Start of ENTRIES PROVIDED

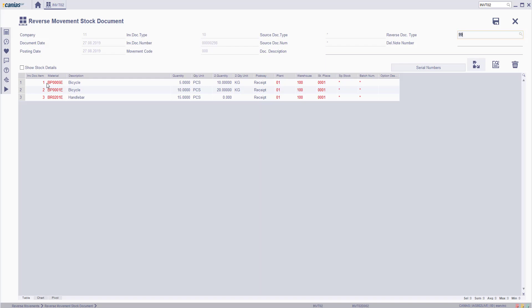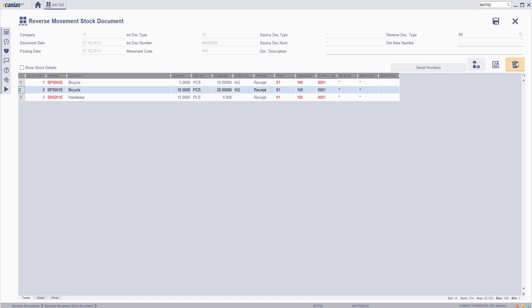Choose the materials that will be excluded from the partial reverse movement and then click the delete button. Click yes for the system warning.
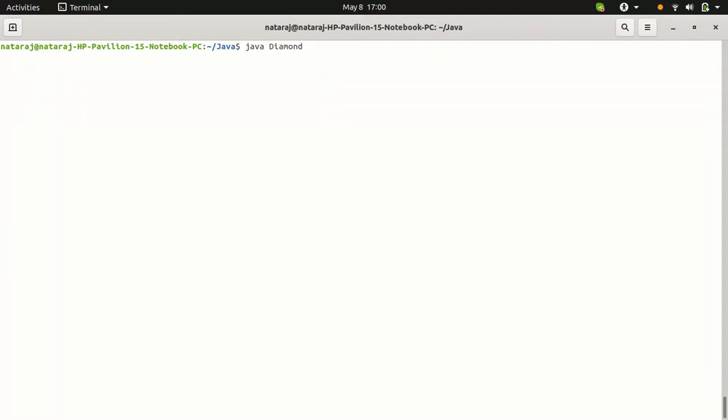What is the diamond? See, Java Diamond. Enter the number, enter 2. The output like diamond: 1, 2, 1, 2, 1.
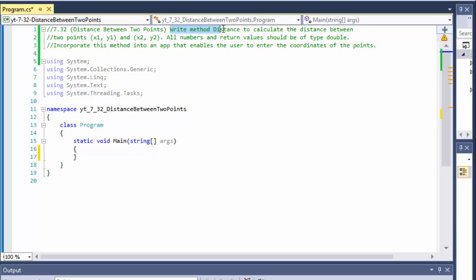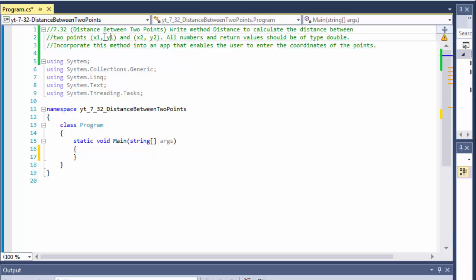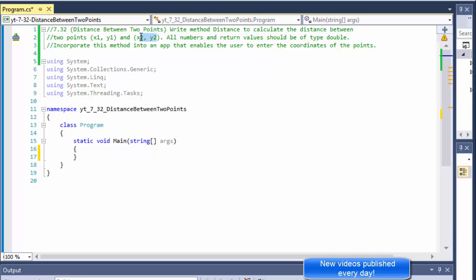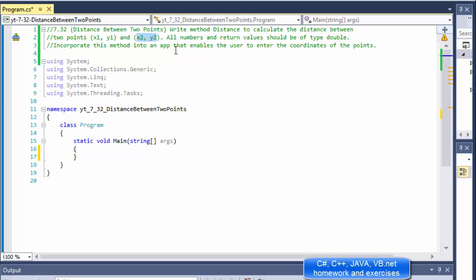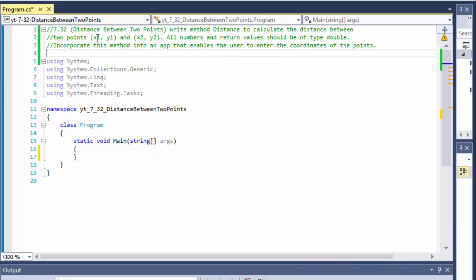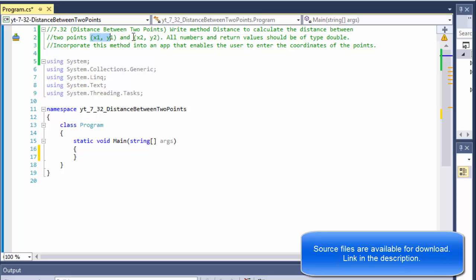We are going to write a method called Distance that calculates the distance between two points: x1 and y1 — the first coordinates — and x2 and y2, the second coordinates. All numbers and return values should be of type double, and we'll incorporate this method into an app that enables the user to enter the coordinates of the points.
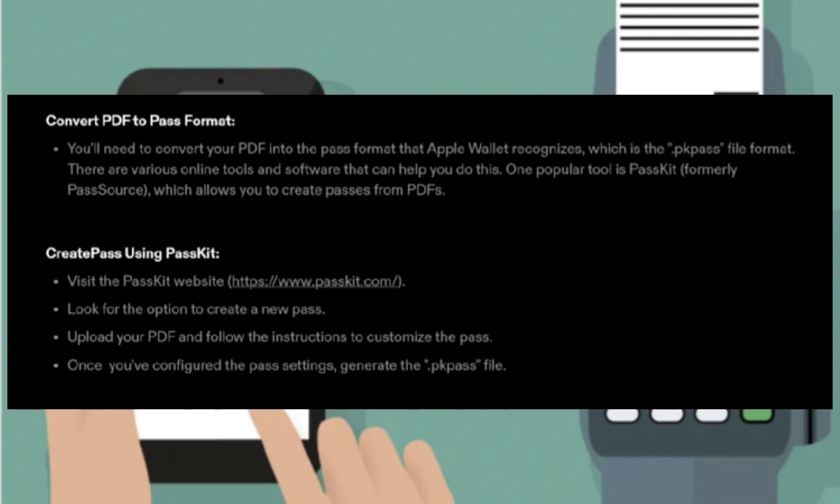Next is to create a pass using PassKit. Visit the PassKit website, look for the option to create a new pass, upload your PDF, and follow the instructions to customize the pass. Once you've configured the pass settings, generate the .pkpass file.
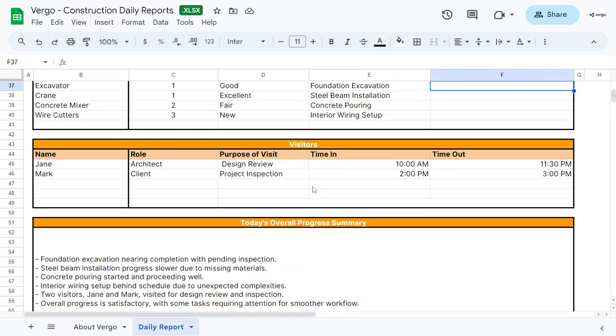Then we also added a place for visitors. If you have anybody come by the site, maybe the client comes by and wants to do a project inspection, you would put the purpose of their visit, the role, the name, the time they came in, and the time they left the site.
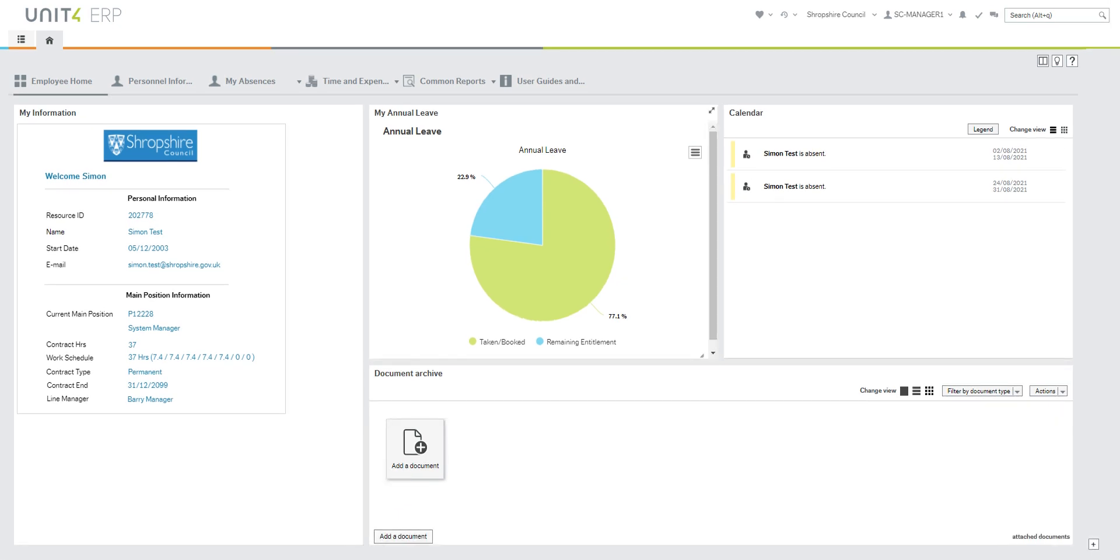If there are sections and functions within the ERP that you use regularly but aren't straightforwardly accessible from the dashboard, you may wish to add them as favorites.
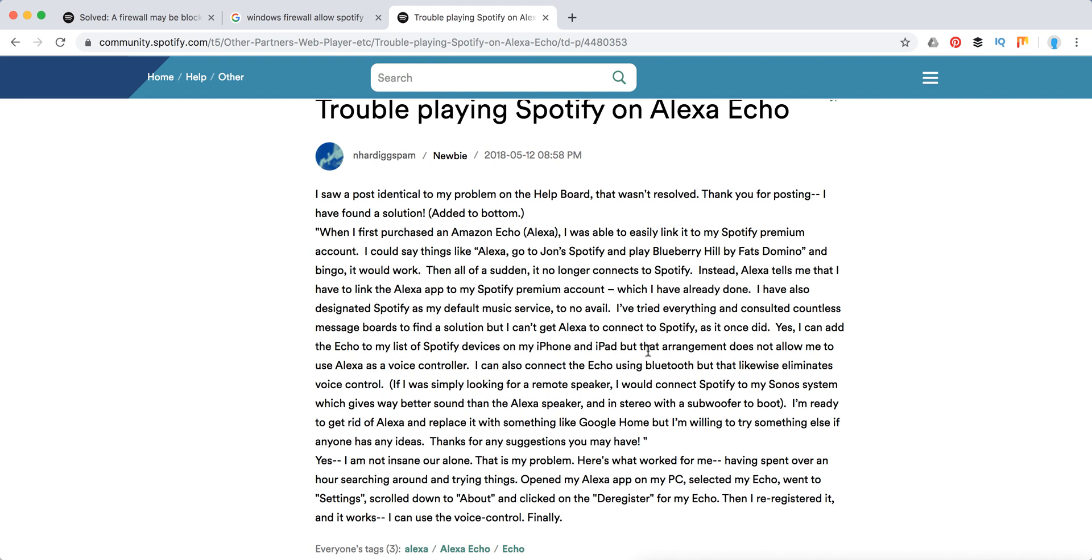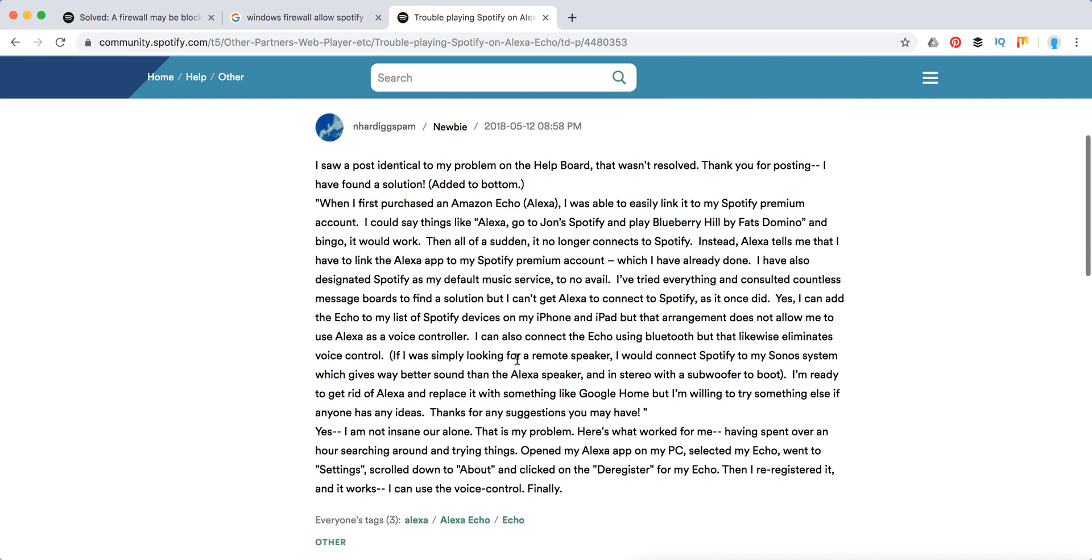On my iPhone or iPad, but then the arrangement doesn't allow me to use Alexa as a voice controller. So the problem is basically with voice control and Spotify - just telling Alexa to play it.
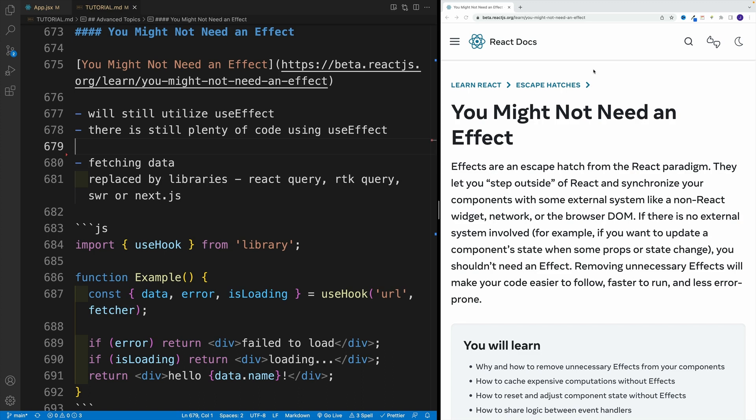So in this article, the React team is simply encouraging the community to consider alternatives before jamming yet another useEffect in the component. And if I may make a suggestion, try to find some free time to skim through this resource.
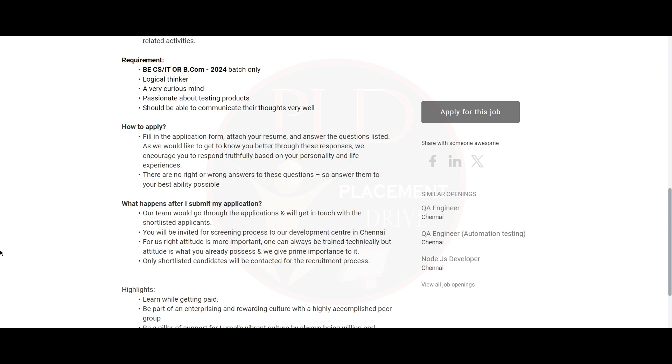Now let's see the requirements for this role. You should be a BE CS or IT, or B.Com in 2024 batch. You should be a logical thinker with a very curious mind, passionate about testing products, and you should be able to communicate your thoughts very well.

End of ENTRIES PROVIDED

Every line from the first line of the entries above through the line with "What is the" must be repeated exactly, and pictures must not be.

[EXERCISE SOLUTION]:
Choose the materials that will be excluded from the partial reverse movement and then click the delete button. Click yes for the system warning.
What is the diamond? See, Java Diamond. Enter the number, enter 2. The output like diamond: 1, 2, 1, 2, 1.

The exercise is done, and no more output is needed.